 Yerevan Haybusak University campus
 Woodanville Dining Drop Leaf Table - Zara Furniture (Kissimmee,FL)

...

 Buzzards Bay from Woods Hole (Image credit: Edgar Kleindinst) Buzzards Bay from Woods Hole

--

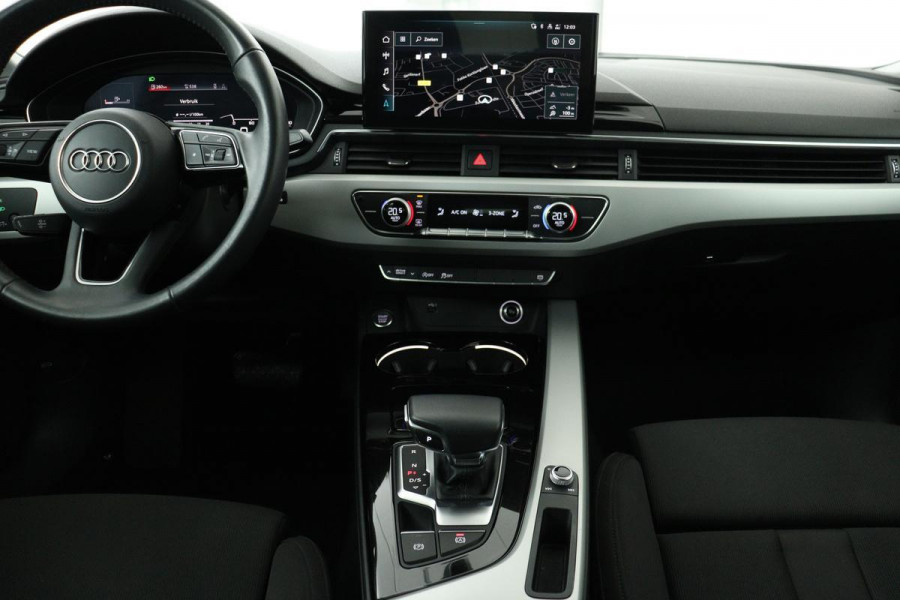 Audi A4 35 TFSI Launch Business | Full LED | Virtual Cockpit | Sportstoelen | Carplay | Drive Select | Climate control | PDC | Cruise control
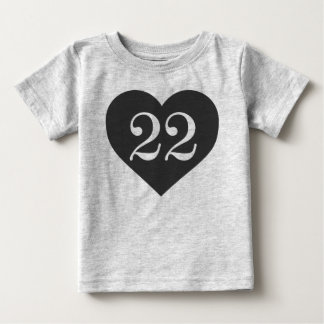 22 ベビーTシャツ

• _THE PROBLEM_: In the listing above, find the line with "Yerevan Haybusak University campus" and the line with "Woodanville Dining Drop"; set down exactly those two lines and every line between them, nothing more.

• _RESULT OF THIS TASK_:
 Yerevan Haybusak University campus
 Woodanville Dining Drop Leaf Table - Zara Furniture (Kissimmee,FL)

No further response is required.